Supplied material:
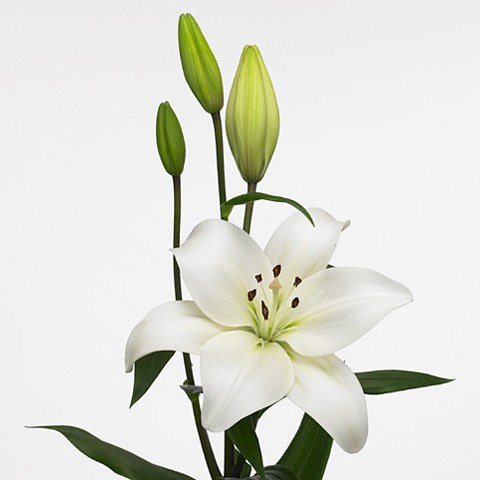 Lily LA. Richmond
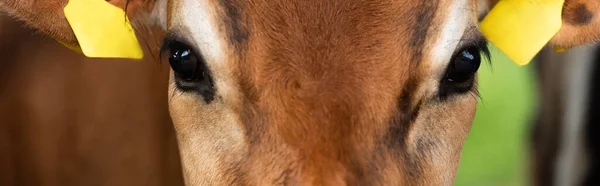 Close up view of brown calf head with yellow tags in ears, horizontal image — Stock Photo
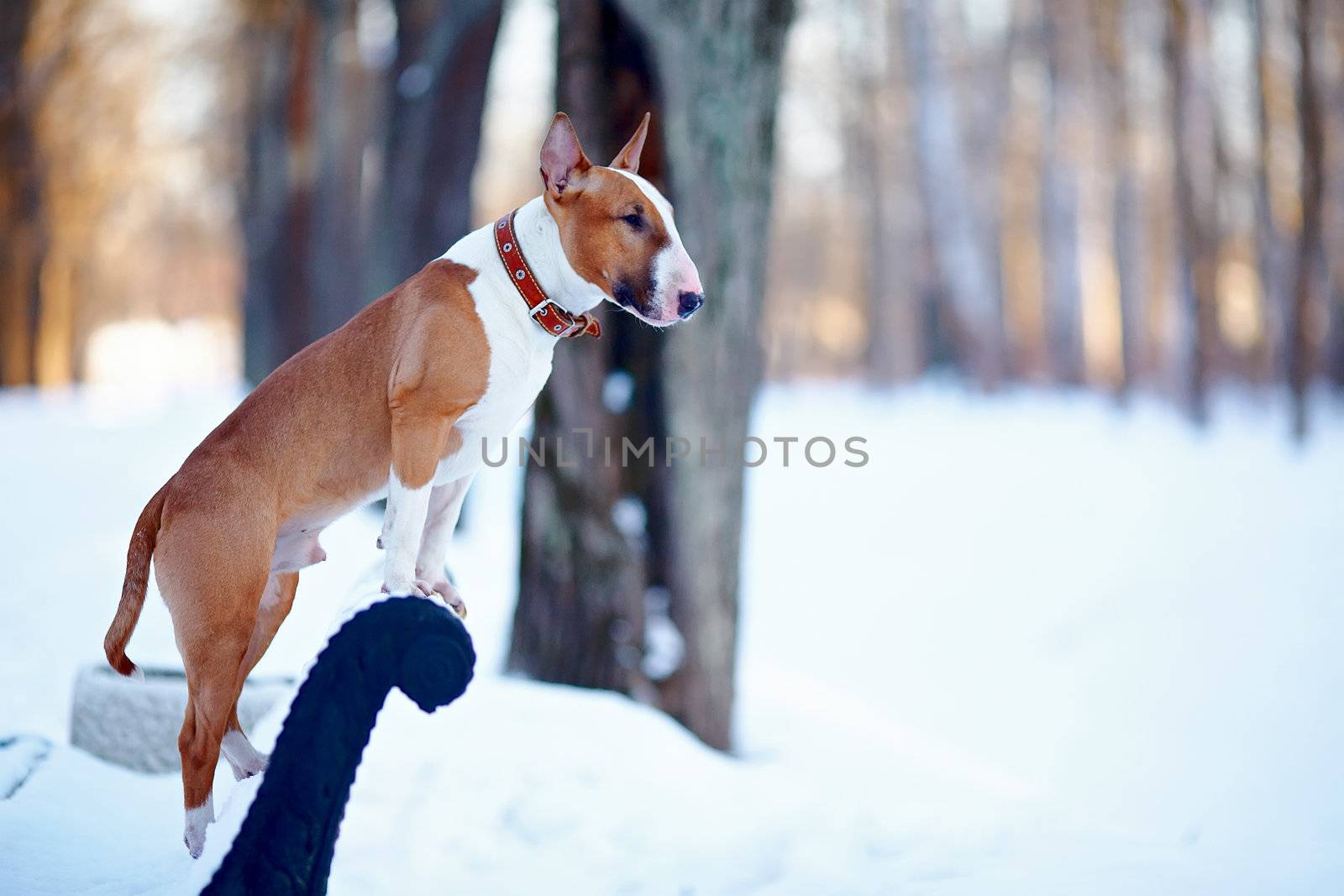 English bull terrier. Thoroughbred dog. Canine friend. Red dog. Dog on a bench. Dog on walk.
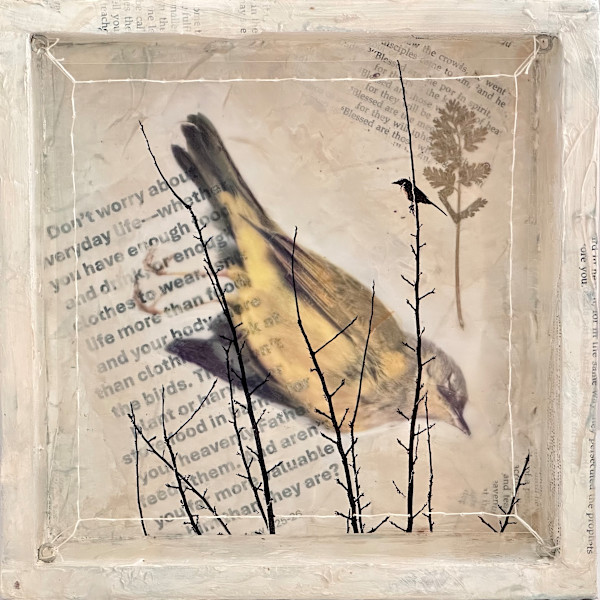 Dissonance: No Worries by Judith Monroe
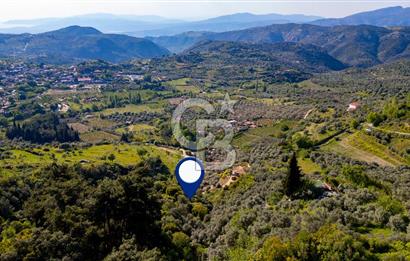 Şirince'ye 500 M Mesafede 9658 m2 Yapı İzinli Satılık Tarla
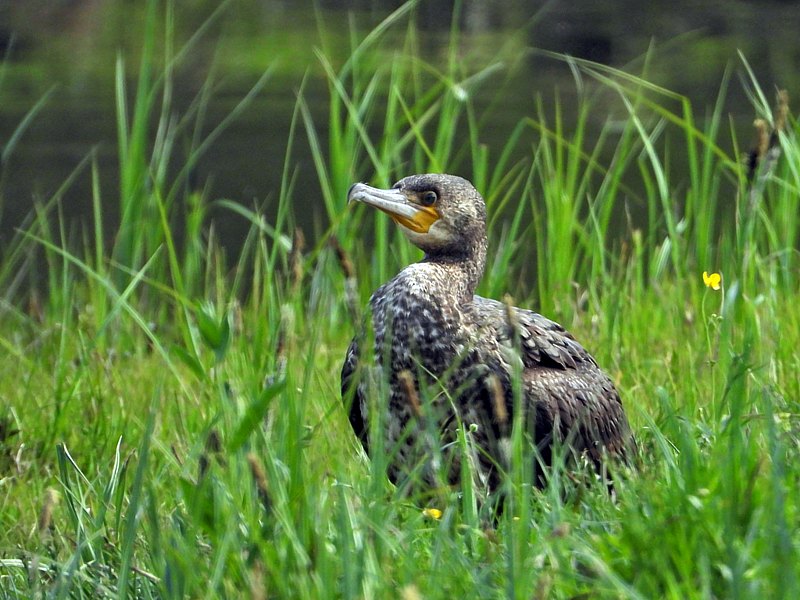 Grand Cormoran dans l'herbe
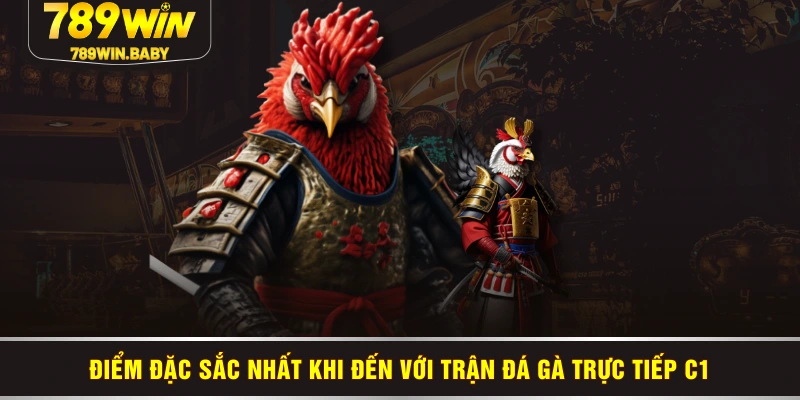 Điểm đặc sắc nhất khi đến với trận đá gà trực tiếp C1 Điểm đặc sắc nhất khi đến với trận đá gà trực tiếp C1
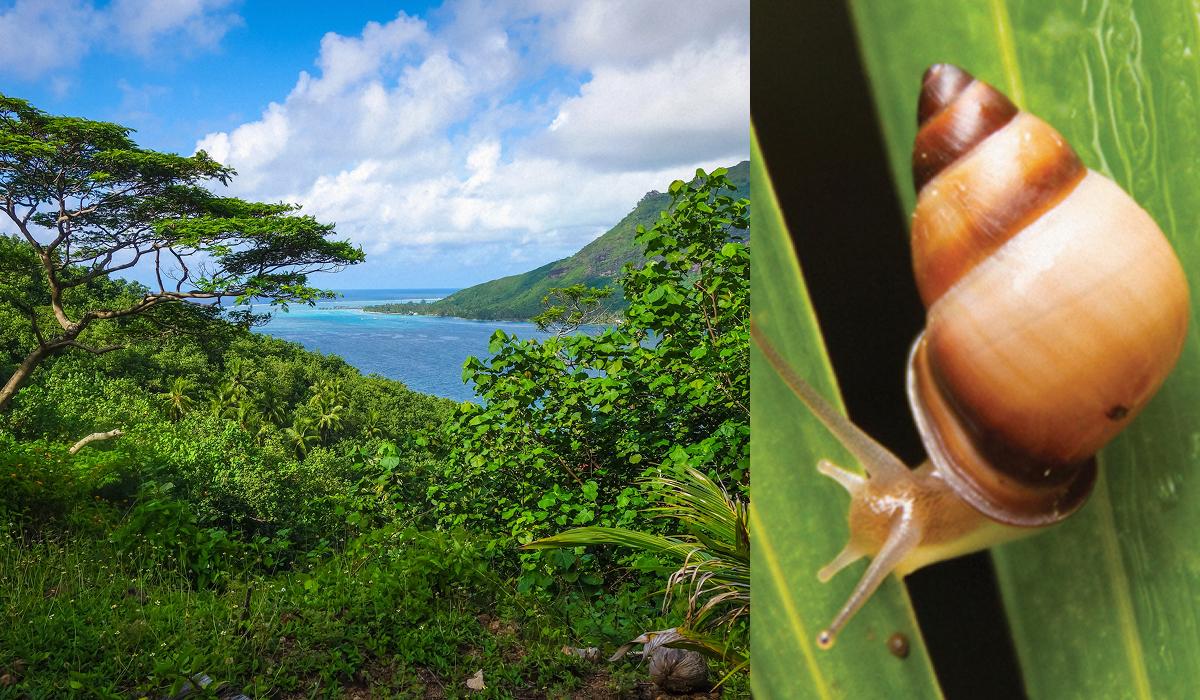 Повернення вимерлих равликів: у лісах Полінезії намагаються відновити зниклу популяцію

Description of the task: Extract all the entries word for word; omit any pictures.

Solution to the exercise:
 Lily LA. Richmond
 Close up view of brown calf head with yellow tags in ears, horizontal image — Stock Photo
 English bull terrier. Thoroughbred dog. Canine friend. Red dog. Dog on a bench. Dog on walk.
 Dissonance: No Worries by Judith Monroe
 Şirince'ye 500 M Mesafede 9658 m2 Yapı İzinli Satılık Tarla
 Grand Cormoran dans l'herbe
 Điểm đặc sắc nhất khi đến với trận đá gà trực tiếp C1 Điểm đặc sắc nhất khi đến với trận đá gà trực tiếp C1
 Повернення вимерлих равликів: у лісах Полінезії намагаються відновити зниклу популяцію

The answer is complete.